One of the more challenging choices a parent faces is trying to determine when their child is ready for school.
This decision can be quite agonising for families as we now have a greater understanding of the impact on a child’s learning throughout the course of their education if they are not ready for the challenge from the beginning.
Under the current regime, there is a lack of uniformity in child education policy across the country because the states and territories set their own.
In NSW children can start school at four-and-a-half-years, whereas in Tasmania children have to be five years and one month before they can commence.
That’s why the Australian Childcare Alliance is calling for a nationally coordinated approach to educational policy so that a uniform minimum age applies to students starting school, at an age childhood experts agree is a reasonable base level.
This would take the onus off parents. It would also empower teachers to more successfully tailor lessons to a wider group of students within a smaller age band.
Families make these discretionary decisions based on their early childhood educator’s feedback, their own observations of their child’s behaviour, affordability of school fees, and research from child development experts.
Those working in the early learning sector are aware that many families believe their state’s minimum school starting age is too young. Consequently, they hold back their child to give them an additional year of preschool.
This view is confirmed in a study of more than 100,000 NSW kindergarten children published in the academic journal Early Childhood Research Quarterly, which found that half of the parents delayed their child’s schooling if they turned five between January and July.
Delaying school entry creates an age gap - sometimes up to two years among the children in their first year. This gap persists throughout their schooling life, which has implications for teachers in engaging students with vastly different cognitive and social skills.

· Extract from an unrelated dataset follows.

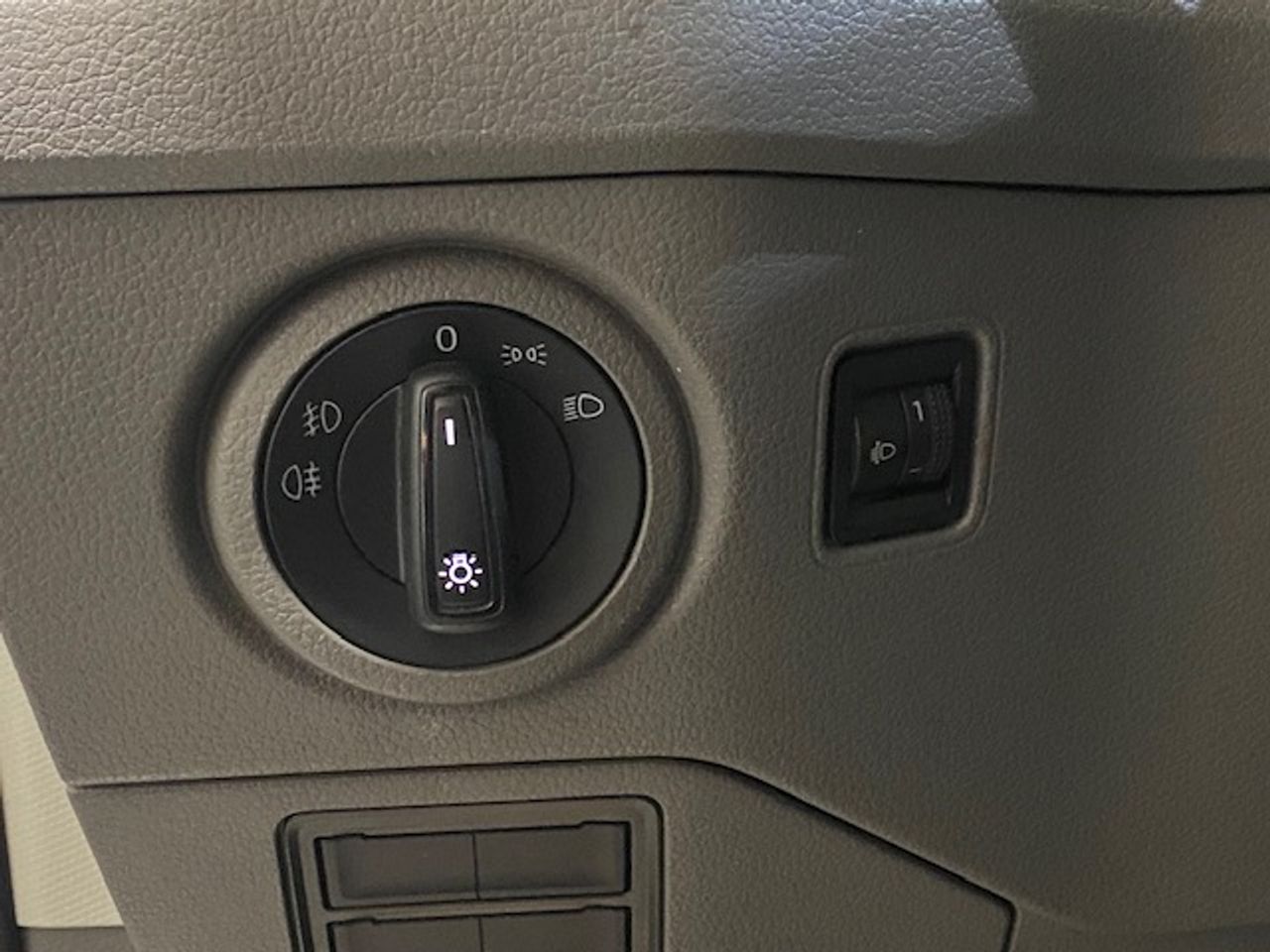 Volkswagen Crafter 35 Furgon BM TA L3H3 2.0TDI 103kW140CV - GARANTIA MECANICA - Foto 31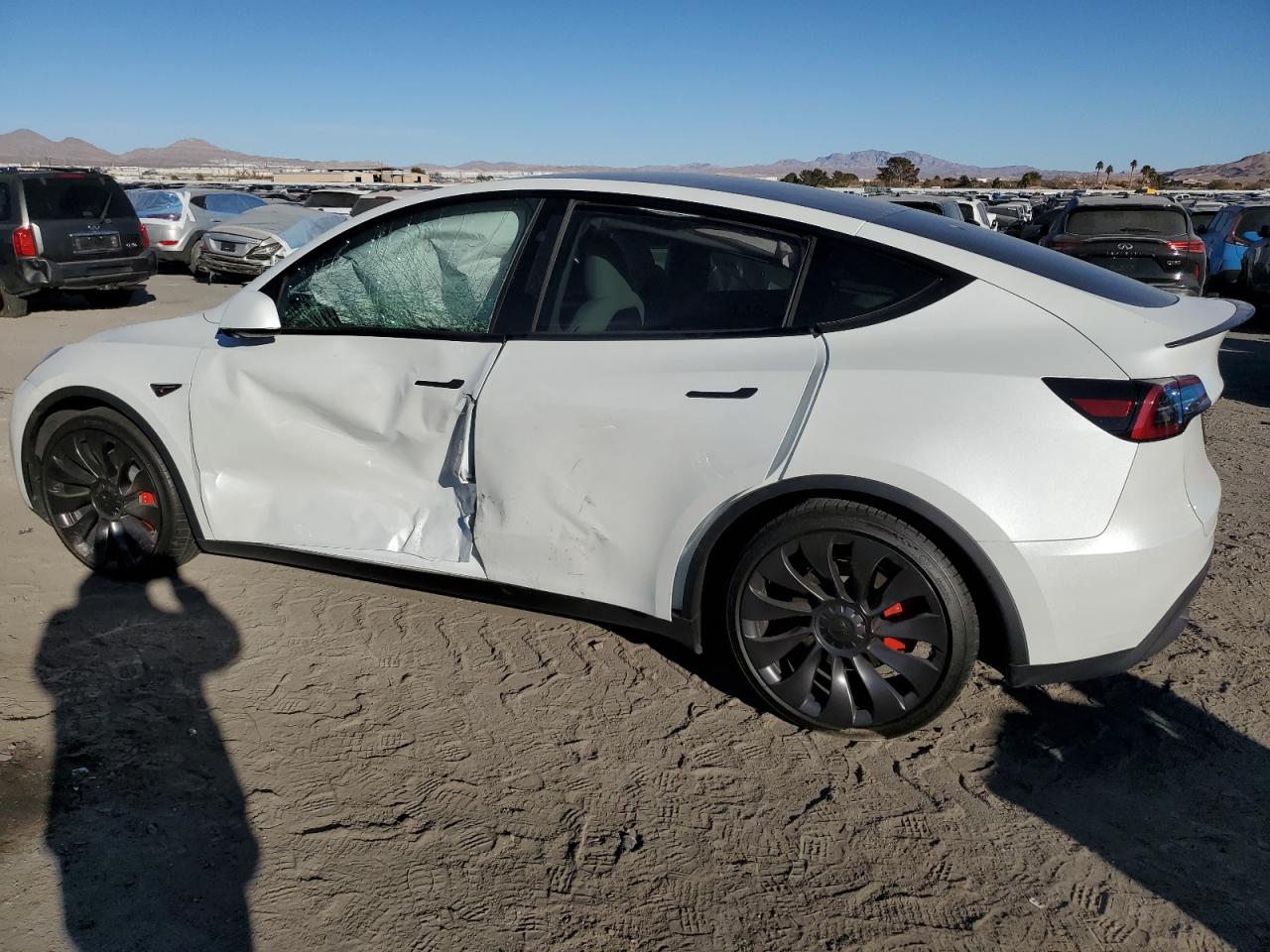 2023 TESLA MODEL Y  VIN:7SAYGDEF7PF793069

The absence of a nationally consistent school starting age means that funding and programs for the two years before school do not go far enough because they have to cover such wide variances in age and development milestones.
This impedes the measurement of learning outcomes to compare against global data on educational achievement.
We urge the federal, state and territory governments to tackle these anomalies and introduce greater uniformity.
A review of Australia’s school starting age at the federal level is overdue and could be achieved with the support of all governments, taking into account lessons from other countries that have had success with their programs and use them as policy benchmarks.
We believe there should be a national requirement that children must be at least five years of age by January 1 in their first year of formal schooling to narrow the age discrepancy in prep classes and set up students for strong educational outcomes.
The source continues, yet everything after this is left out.